La orden se cumple sin remilgo, sin temor. Los dos se van tras él hacia la
oficina y el tumulto expectante lamenta el fracaso de la morbosa diversión. El
verdugo director, Don Fello, llega a la oficina con los mal pelados y cierra la puerta.
Desde afuera sólo escucho el leve crujir de la gaveta del escritorio.
Don Fello sale a la acción con las manos vacías a sortear cada día el peligro
inminente. Nadie conoce la existencia de su arma. Yo me enteré por accidente el día
que entré a la oficina a entregarle la lista de los alumnos con problemas de conducta y
aprendizaje. No quise dejarla sobre el escritorio. Abrí la gaveta y allí estaba. Coloqué
la lista sobre ella y salí sin que me vieran.
Cuando crucé la puerta de la oficina sentí la extraña sensación de que unos ojos
agudos escapados de la gaveta me observaban. Troté por el pasillo deseoso de
encontrarme con Don Fello. Pregunté por él; pero nadie lo había visto. Pensé que
mentían porque veinte minutos antes lo observé conversando con los alumnos del
último año.
Picado por la curiosidad tomé el texto en mis manos. Leí. Cuando terminé el
primer párrafo sentí el vértigo en el pudor de los sesenta. Me dejé caer en el extremo
de la pequeña mesa inclinado hacia la primera página. Era un voluminoso instructivo
con láminas folclor, letras dieciséis, cursivas, ideal para que mis ángeles captaran la
descripción precisa de cada imagen.
Mi lectura mecánica tardaría unos tres minutos _quizás veinte_. Cuando cerré
el texto reparé en el título: ¨Cien posiciones para hacer el amor´´, por el Dr. X.
Aquel título provocó que cayera en crisis el vértigo en mi pudor de los sesenta.
Salí del sagrado salón consciente de que mis alumnos no me vieron entrar ni salir.
Busqué al director y lo encontré junto a su vieja camioneta tratando de llevar a sus
hombros una pesada caja de materiales didácticos.
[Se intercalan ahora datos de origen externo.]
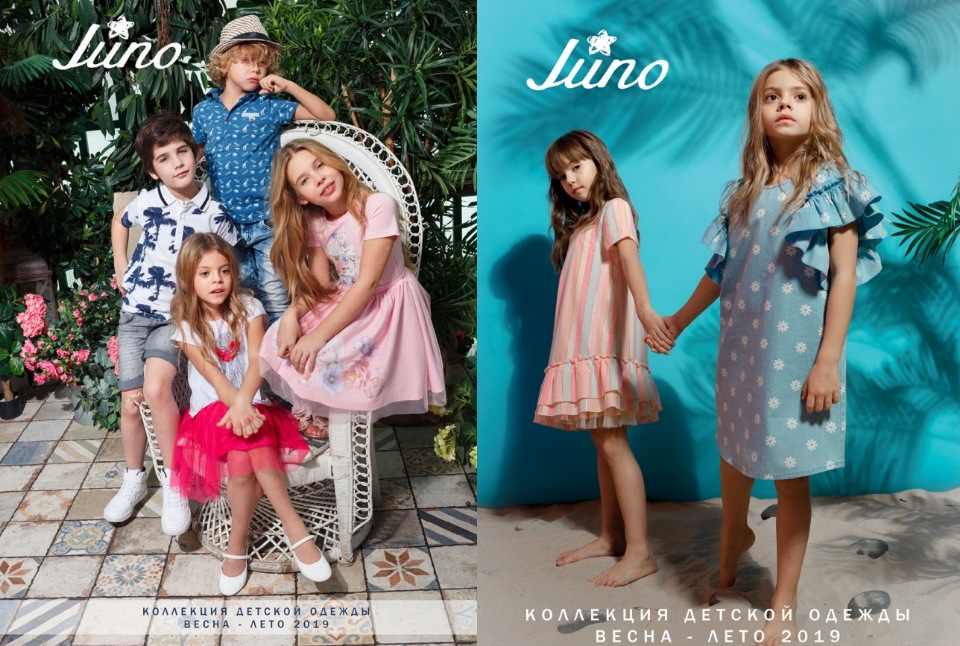 ���� �������. ���������� Juno �����-���� 2019! � ����� ��������� ���������� ������ + ������� ������. ������������ ������ ��� ������ �������. 98-170. ��� ����� 7/19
Le dije que yo cargaría la caja, pero
él se negó. Sólo permitió que le ayudara a colocarla en sus hombros.
Y no dijo más.
No sé por dónde salió ni a dónde fue mi miedo. Caminé hasta la puerta sin
abrir. Crucé. Y por primera vez me vi tal cual soy. Y me amé y me comprendí.
Cuando uní el YO y la materia, me dirigí al curso donde me esperaba el mundo
mientras sentía que unos ojos escapados de la gaveta vigilaban mis pasos.